**Exercise:** Write out the data below exactly, beginning with the first line and ending once the line that has "Γυναικεία μπλούζα Samoon, Μέγεθος" is written.
(Information shown)
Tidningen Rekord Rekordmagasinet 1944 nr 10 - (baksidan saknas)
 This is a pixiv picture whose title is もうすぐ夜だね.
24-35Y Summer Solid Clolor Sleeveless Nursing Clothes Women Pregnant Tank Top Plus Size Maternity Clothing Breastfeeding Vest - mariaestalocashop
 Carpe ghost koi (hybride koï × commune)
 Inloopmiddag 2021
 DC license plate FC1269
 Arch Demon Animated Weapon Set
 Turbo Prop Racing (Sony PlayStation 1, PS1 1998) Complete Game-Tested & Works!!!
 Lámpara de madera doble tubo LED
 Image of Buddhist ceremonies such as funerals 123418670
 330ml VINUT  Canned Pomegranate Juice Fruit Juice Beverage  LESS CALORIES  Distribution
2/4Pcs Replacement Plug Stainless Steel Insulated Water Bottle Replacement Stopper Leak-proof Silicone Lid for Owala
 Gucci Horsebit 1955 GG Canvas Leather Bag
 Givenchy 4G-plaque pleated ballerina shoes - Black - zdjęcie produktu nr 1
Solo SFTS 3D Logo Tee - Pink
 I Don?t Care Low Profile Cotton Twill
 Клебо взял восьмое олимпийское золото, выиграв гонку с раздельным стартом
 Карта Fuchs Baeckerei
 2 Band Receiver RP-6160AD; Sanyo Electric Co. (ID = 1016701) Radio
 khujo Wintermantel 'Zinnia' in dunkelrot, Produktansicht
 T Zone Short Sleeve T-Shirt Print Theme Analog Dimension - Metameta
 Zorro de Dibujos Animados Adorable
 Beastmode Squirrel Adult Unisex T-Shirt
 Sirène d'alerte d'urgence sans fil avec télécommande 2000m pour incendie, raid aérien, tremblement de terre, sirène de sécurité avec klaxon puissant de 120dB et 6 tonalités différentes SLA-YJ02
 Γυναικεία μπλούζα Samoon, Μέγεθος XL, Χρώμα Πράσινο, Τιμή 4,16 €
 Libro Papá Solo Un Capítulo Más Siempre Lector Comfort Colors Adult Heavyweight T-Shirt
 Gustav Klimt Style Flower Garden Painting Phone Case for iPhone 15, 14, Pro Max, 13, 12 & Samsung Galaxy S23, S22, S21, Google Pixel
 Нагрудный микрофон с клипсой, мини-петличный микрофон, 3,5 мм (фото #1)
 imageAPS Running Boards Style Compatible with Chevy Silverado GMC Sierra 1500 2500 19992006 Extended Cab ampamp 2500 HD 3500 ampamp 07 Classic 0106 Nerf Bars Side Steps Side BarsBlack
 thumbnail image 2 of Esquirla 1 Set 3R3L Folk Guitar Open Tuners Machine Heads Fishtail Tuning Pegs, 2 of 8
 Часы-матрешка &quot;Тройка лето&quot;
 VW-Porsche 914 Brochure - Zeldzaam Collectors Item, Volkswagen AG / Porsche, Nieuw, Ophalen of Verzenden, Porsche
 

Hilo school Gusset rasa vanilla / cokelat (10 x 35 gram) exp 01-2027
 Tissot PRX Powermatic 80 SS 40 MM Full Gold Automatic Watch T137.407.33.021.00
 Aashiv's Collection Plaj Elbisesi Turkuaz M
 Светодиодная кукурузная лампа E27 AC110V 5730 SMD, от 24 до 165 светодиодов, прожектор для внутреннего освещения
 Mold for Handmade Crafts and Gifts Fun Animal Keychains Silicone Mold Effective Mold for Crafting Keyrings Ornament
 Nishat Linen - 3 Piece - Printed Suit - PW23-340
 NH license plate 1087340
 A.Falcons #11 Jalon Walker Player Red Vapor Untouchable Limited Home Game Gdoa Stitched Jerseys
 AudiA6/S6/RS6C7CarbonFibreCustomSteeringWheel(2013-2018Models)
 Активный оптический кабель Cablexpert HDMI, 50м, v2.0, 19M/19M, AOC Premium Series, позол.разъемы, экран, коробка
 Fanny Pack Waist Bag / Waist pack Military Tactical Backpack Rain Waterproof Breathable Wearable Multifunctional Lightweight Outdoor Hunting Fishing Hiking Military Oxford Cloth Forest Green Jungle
(End Information shown)
**Completed exercise:**
Tidningen Rekord Rekordmagasinet 1944 nr 10 - (baksidan saknas)
 This is a pixiv picture whose title is もうすぐ夜だね.
24-35Y Summer Solid Clolor Sleeveless Nursing Clothes Women Pregnant Tank Top Plus Size Maternity Clothing Breastfeeding Vest - mariaestalocashop
 Carpe ghost koi (hybride koï × commune)
 Inloopmiddag 2021
 DC license plate FC1269
 Arch Demon Animated Weapon Set
 Turbo Prop Racing (Sony PlayStation 1, PS1 1998) Complete Game-Tested & Works!!!
 Lámpara de madera doble tubo LED
 Image of Buddhist ceremonies such as funerals 123418670
 330ml VINUT  Canned Pomegranate Juice Fruit Juice Beverage  LESS CALORIES  Distribution
2/4Pcs Replacement Plug Stainless Steel Insulated Water Bottle Replacement Stopper Leak-proof Silicone Lid for Owala
 Gucci Horsebit 1955 GG Canvas Leather Bag
 Givenchy 4G-plaque pleated ballerina shoes - Black - zdjęcie produktu nr 1
Solo SFTS 3D Logo Tee - Pink
 I Don?t Care Low Profile Cotton Twill
 Клебо взял восьмое олимпийское золото, выиграв гонку с раздельным стартом
 Карта Fuchs Baeckerei
 2 Band Receiver RP-6160AD; Sanyo Electric Co. (ID = 1016701) Radio
 khujo Wintermantel 'Zinnia' in dunkelrot, Produktansicht
 T Zone Short Sleeve T-Shirt Print Theme Analog Dimension - Metameta
 Zorro de Dibujos Animados Adorable
 Beastmode Squirrel Adult Unisex T-Shirt
 Sirène d'alerte d'urgence sans fil avec télécommande 2000m pour incendie, raid aérien, tremblement de terre, sirène de sécurité avec klaxon puissant de 120dB et 6 tonalités différentes SLA-YJ02
 Γυναικεία μπλούζα Samoon, Μέγεθος XL, Χρώμα Πράσινο, Τιμή 4,16 €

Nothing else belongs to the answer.